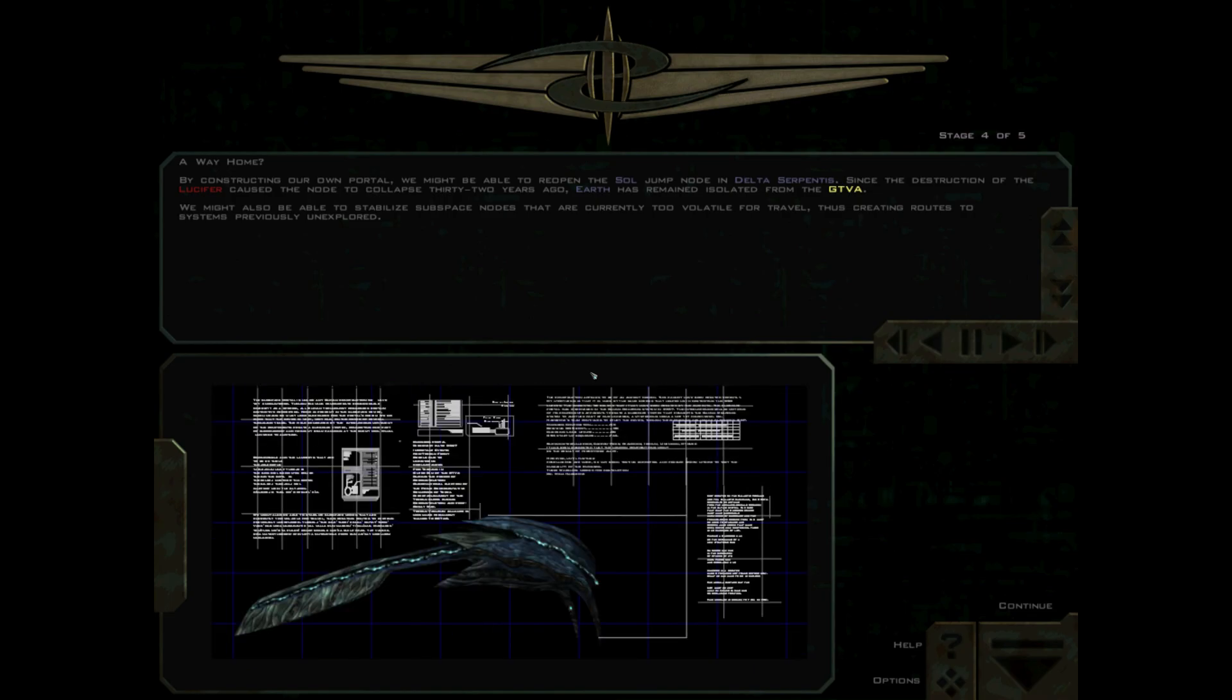At 1540 hours, the GTD Aquitaine entered the subspace portal in Gamma Draconis and jumped to our current position. We have entered a nebula, a vast and dense ionized field and possibly the remnant of a supernova. We have traveled farther than any Terrans in the history of subspace travel.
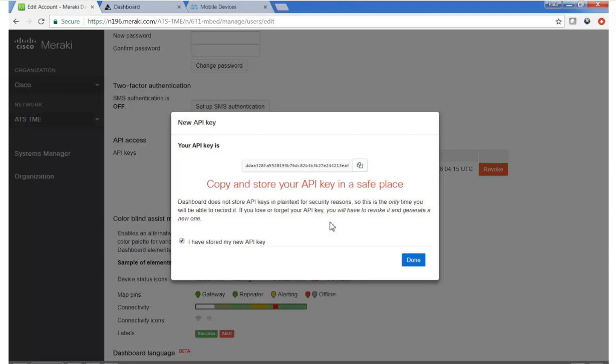The last step we took in the first video configuring Meraki was generating the API key to integrate with AMP and Umbrella. In this video, we'll use the API key and apply it to AMP and configure the AMP connector for the Clarity extension of the Cisco Security Connector.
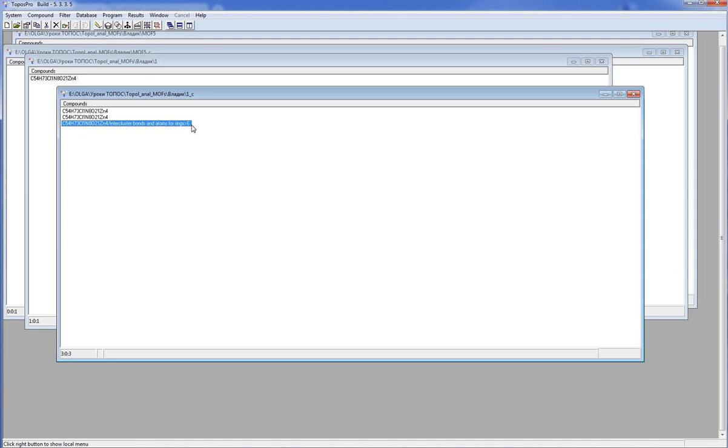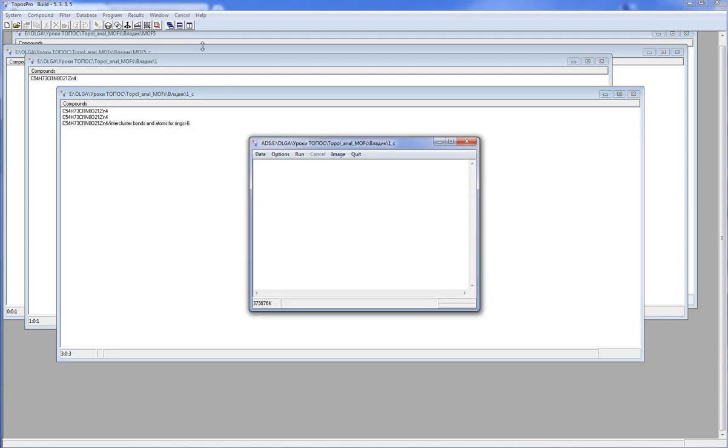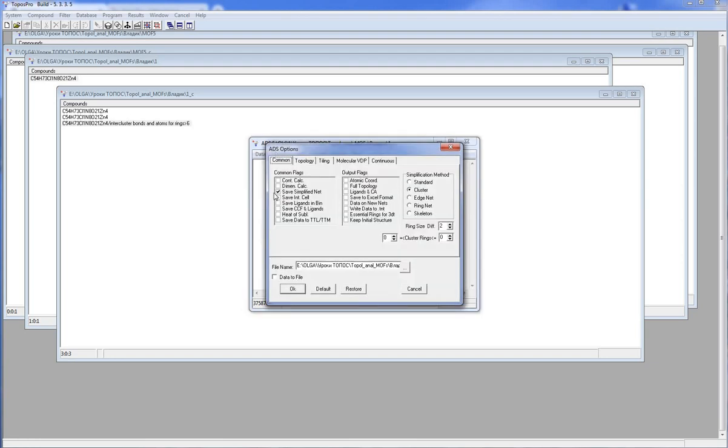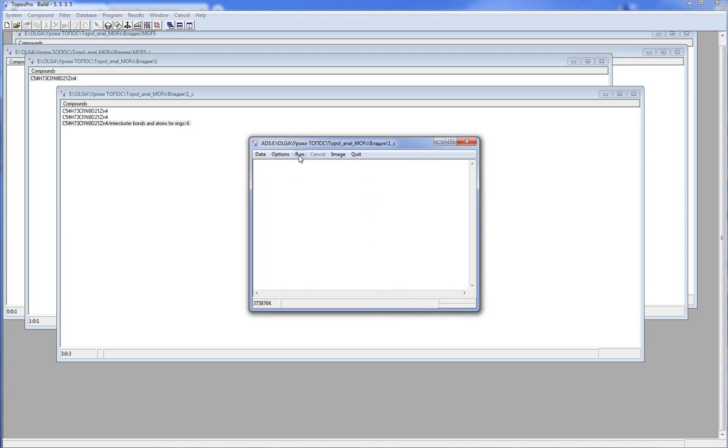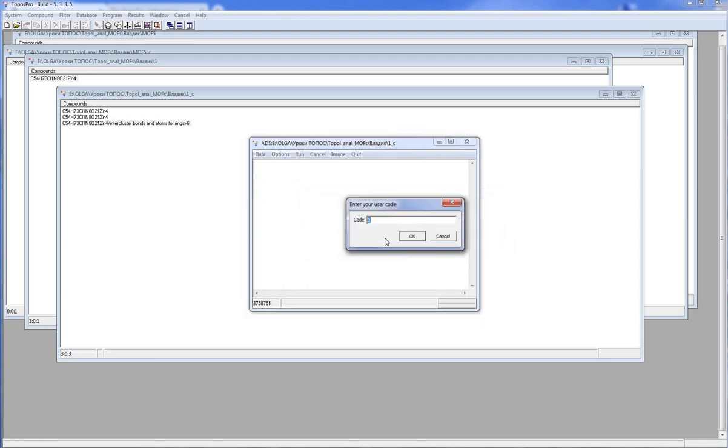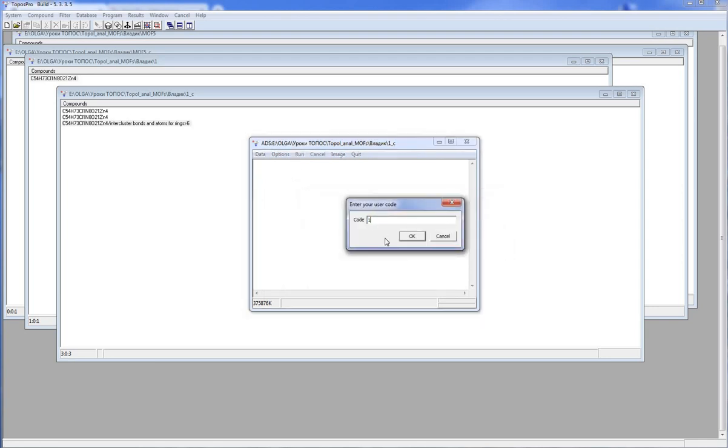Now we should perform the standard simplification for the molecular structure, where the structural units are connected by the pseudohydrogen bonds. If you do not know how to do it in detail, see our lesson, the standard simplification method. So, I run the ADS options, save simplified net, standard method. Tab Topology specifies that valence bonds connect atoms and hydrogen bonds connect molecular structural units. Then I press Run. In the window Central Atoms, press Whole Molecule.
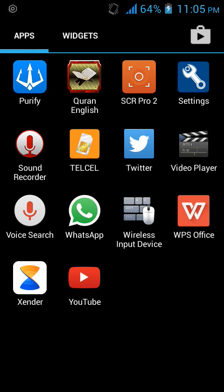Hello, welcome to today's episode. This is Abdusalaam from Sudoha. Today I'm going to be showing you how to create an SRT file on your Android phone.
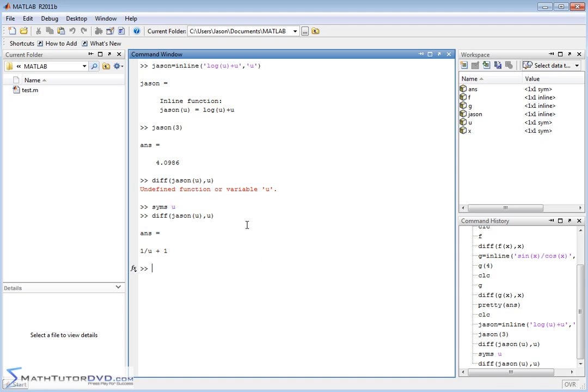So go ahead and play around with that, and define some functions, take some derivatives, make sure you have the hang of it, make sure you have the syntax, and then follow me on to the follow-on sections where we'll continue working with the very, very important functions in calculus.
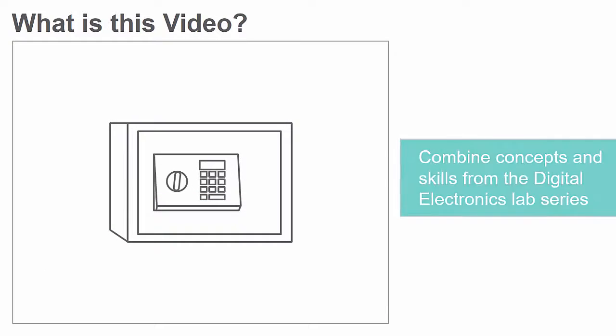In this video, we will discuss how a variety of concepts and skills developed in the Digital Electronics Lab series will be combined to design and build an electronic safe.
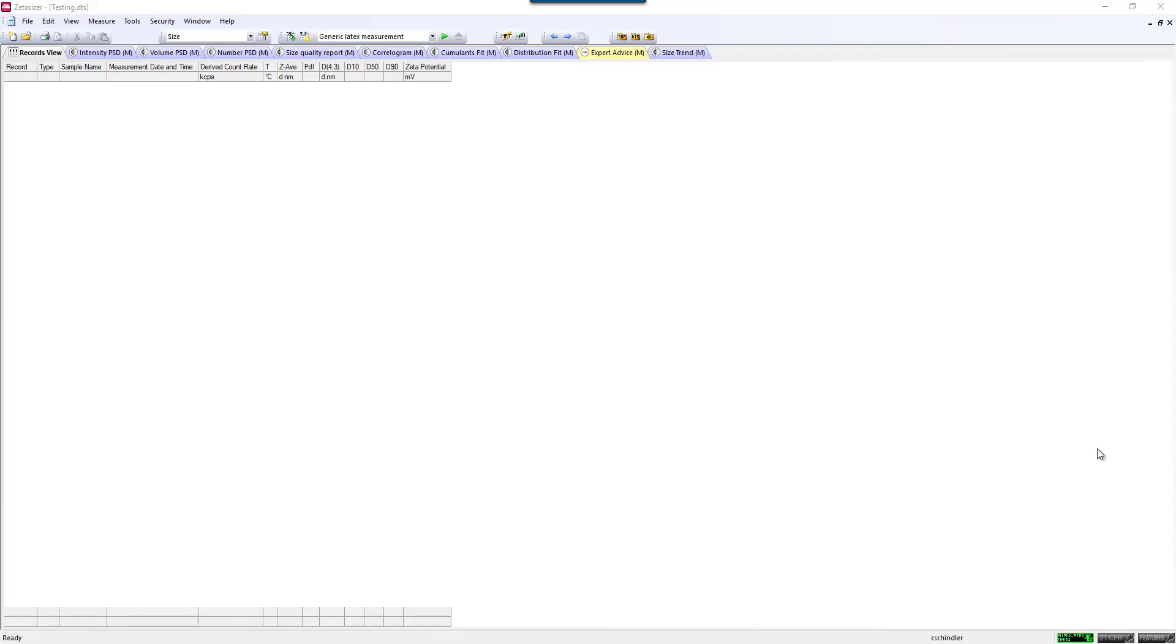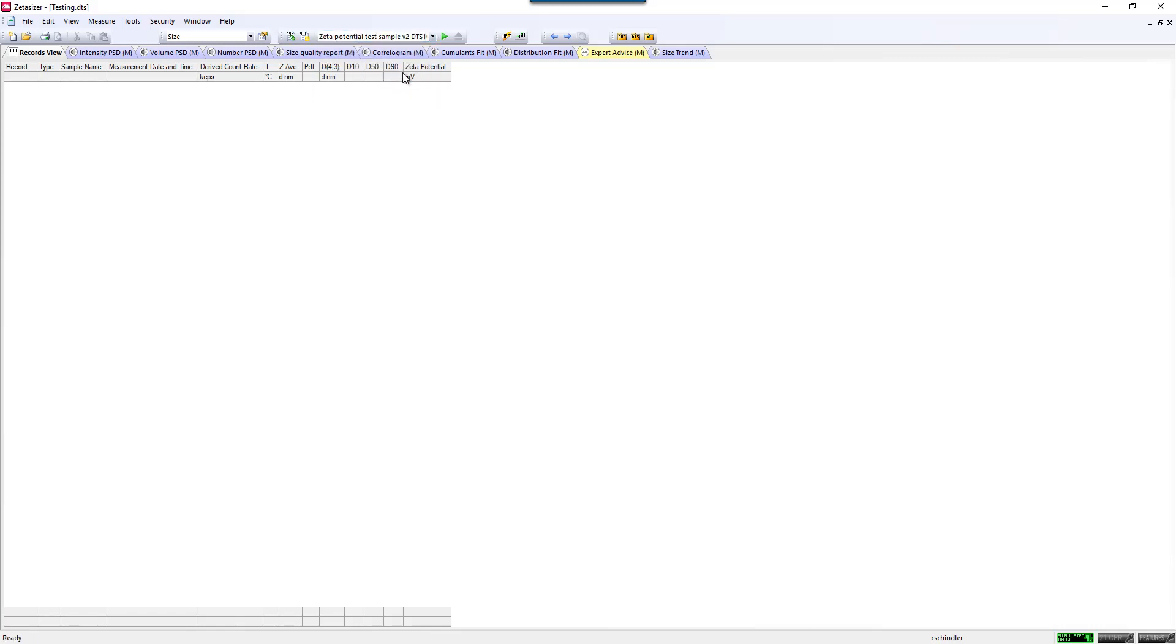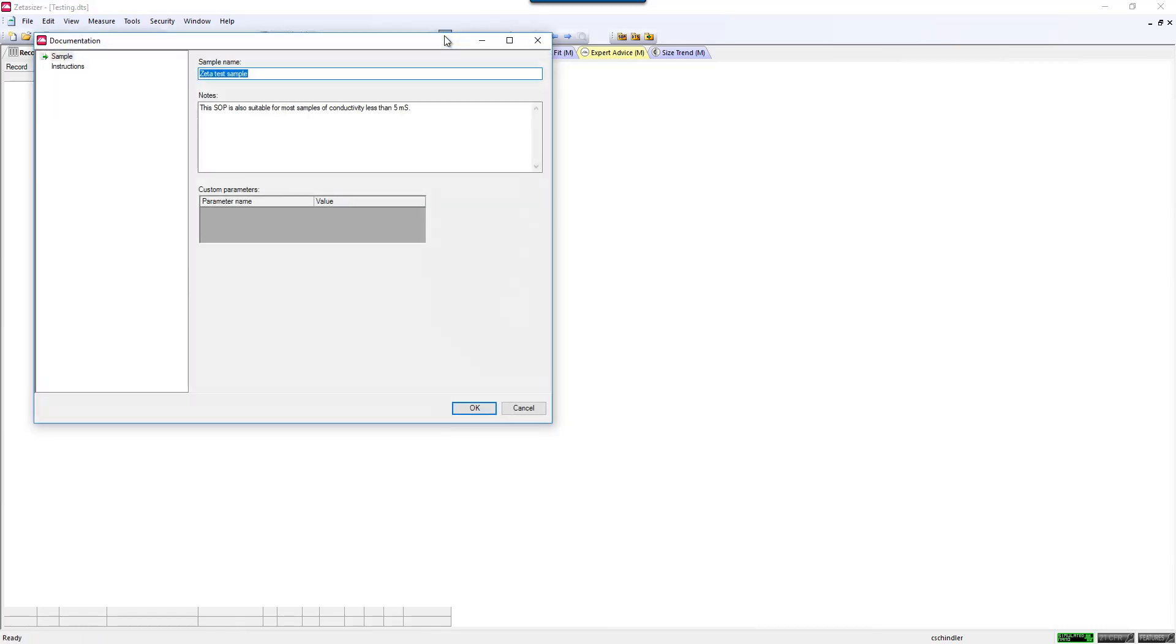This is a video showing briefly how to make a Zeta Potential measurement in the Zetasizer Nano Series software. Everything in the Zetasizer software works on SOPs, and so an SOP can be as simple as going up to this drop-down menu, clicking on a Zeta Potential test, and clicking Start.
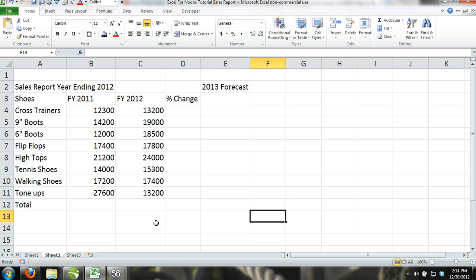Step 1. Pause the video and enter the content into Excel exactly as shown here.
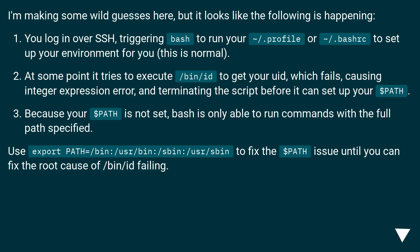At some point it tries to execute /bin/id to get your UID, which fails, causing integer expression error and terminating the script before it can set up your $PATH.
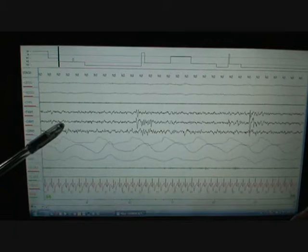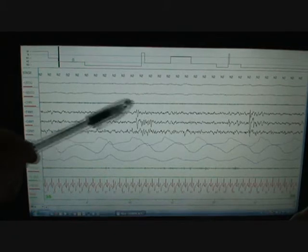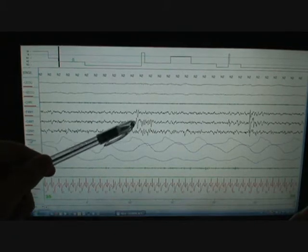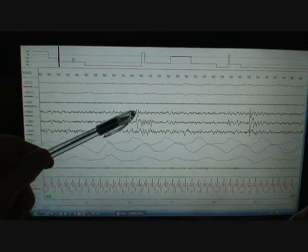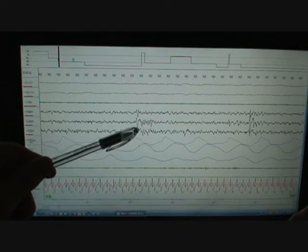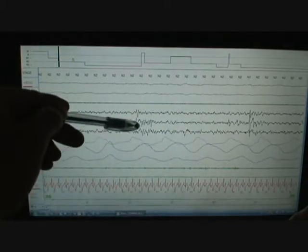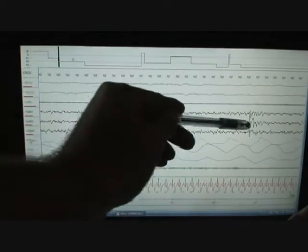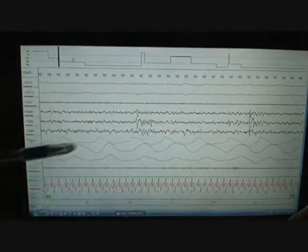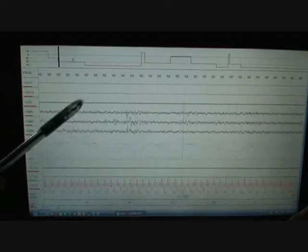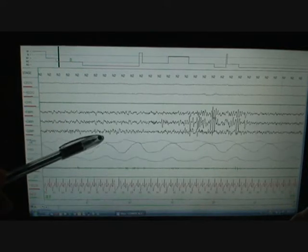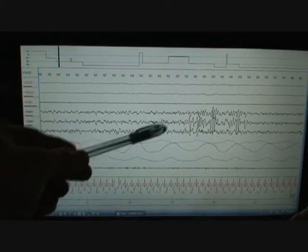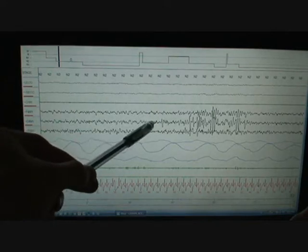Now we call this two, because right here you can see a sharp negative. Negative is up, negative deflection, followed by a sharp positive deflection. It's a sleep spindle. You see another one, I'm sorry, it's a K complex. You see another K complex over here. That's indicative of stage two. So we start calling this stage two. Now here's a sleep spindle. It's not a great one, but it's a sleep spindle.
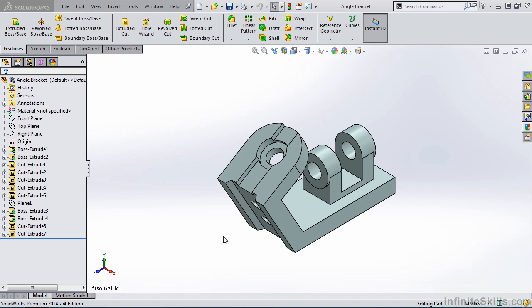In this lesson, we are going to cover the Feature Manager Design Tree, which is located on the left-hand side of the SOLIDWORKS screen.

────────────────

- [Task to carry out]: Reproduce every entry above exactly, and omit the pictures.

- [Answer box]:
At 1540 hours, the GTD Aquitaine entered the subspace portal in Gamma Draconis and jumped to our current position. We have entered a nebula, a vast and dense ionized field and possibly the remnant of a supernova. We have traveled farther than any Terrans in the history of subspace travel.
The last step we took in the first video configuring Meraki was generating the API key to integrate with AMP and Umbrella. In this video, we'll use the API key and apply it to AMP and configure the AMP connector for the Clarity extension of the Cisco Security Connector.
Now we should perform the standard simplification for the molecular structure, where the structural units are connected by the pseudohydrogen bonds. If you do not know how to do it in detail, see our lesson, the standard simplification method. So, I run the ADS options, save simplified net, standard method. Tab Topology specifies that valence bonds connect atoms and hydrogen bonds connect molecular structural units. Then I press Run. In the window Central Atoms, press Whole Molecule.
Hello, welcome to today's episode. This is Abdusalaam from Sudoha. Today I'm going to be showing you how to create an SRT file on your Android phone.
So go ahead and play around with that, and define some functions, take some derivatives, make sure you have the hang of it, make sure you have the syntax, and then follow me on to the follow-on sections where we'll continue working with the very, very important functions in calculus.
In this video, we will discuss how a variety of concepts and skills developed in the Digital Electronics Lab series will be combined to design and build an electronic safe.
This is a video showing briefly how to make a Zeta Potential measurement in the Zetasizer Nano Series software. Everything in the Zetasizer software works on SOPs, and so an SOP can be as simple as going up to this drop-down menu, clicking on a Zeta Potential test, and clicking Start.
Step 1. Pause the video and enter the content into Excel exactly as shown here.
At some point it tries to execute /bin/id to get your UID, which fails, causing integer expression error and terminating the script before it can set up your $PATH.
Now we call this two, because right here you can see a sharp negative. Negative is up, negative deflection, followed by a sharp positive deflection. It's a sleep spindle. You see another one, I'm sorry, it's a K complex. You see another K complex over here. That's indicative of stage two. So we start calling this stage two. Now here's a sleep spindle. It's not a great one, but it's a sleep spindle.
In this lesson, we are going to cover the Feature Manager Design Tree, which is located on the left-hand side of the SOLIDWORKS screen.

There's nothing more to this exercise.